Due amici discutono animatamente: «Secondo
te, esiste una vita dopo la morte?». L'altro si concede una lunga pausa di riflessione e poi replica: «E secondo te, esiste una vita prima della morte?».
Avevo già sentito questo apologo narrato da Woody Allen, il famoso regista e attore americano che spesso nelle battute dei suoi film o dei suoi libri (ad esempio, Citarsi addosso) lascia cadere una stilla dell'ironia ebraica delle sue radici. Ritrovo il dialogo appena citato nel volume Ad ogni giorno la sua pena di Alessandro Pronzato (ed. Gribaudi). L'autore, noto sacerdote scrittore, commenta: «Bisogna riconoscere, purtroppo, che parecchi individui, oltre a non credere a una vita dopo la morte, non riescono neppure a vivere prima della morte».
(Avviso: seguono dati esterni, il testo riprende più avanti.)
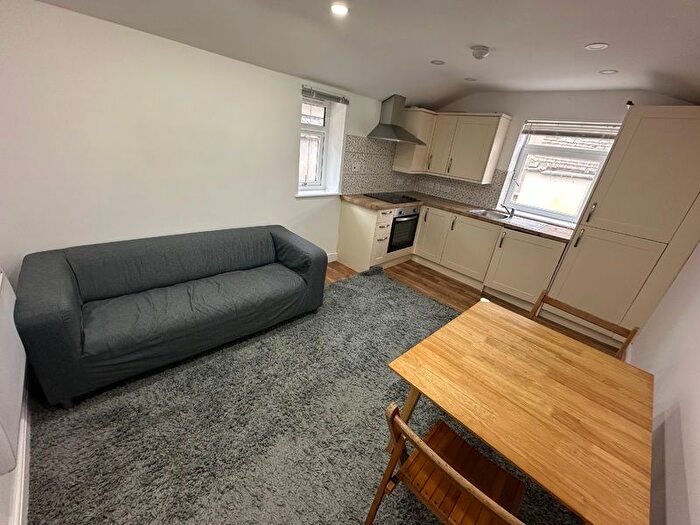 1 Bedroom Flat To Rent In Clifton Street, CF24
È, questa, un'esperienza ben più comune di quanto sembri. Molte persone bruciano la loro vita terrena come se fosse paglia, dissolvendola nel vuoto, nell'insensatezza, nell'inerzia, nella droga: più che vivere, esistono quasi come fossero solo un masso o un vegetale. Un po' tutti, però, consumiamo ampie porzioni della vita nell'incoscienza: la misura cronologica degli anni della nostra età non corrisponde alla realtà del vero vivere da persone consapevoli e coerenti. Il grande poeta Thomas S. Eliot non esitava a raffigurare questa vita inesistente così: «Nascita, e copula e morte,/ tutto qui, tutto qui, tutto qui,/ nascita, e copula e morte./ E se tiri le somme è tutto qui». A questo terribile bilancio cerchiamo di sottrarci, memori del monito di Cristo: «Che cosa potrà dare l'uomo in cambio della propria anima?» (Matteo 16, 26).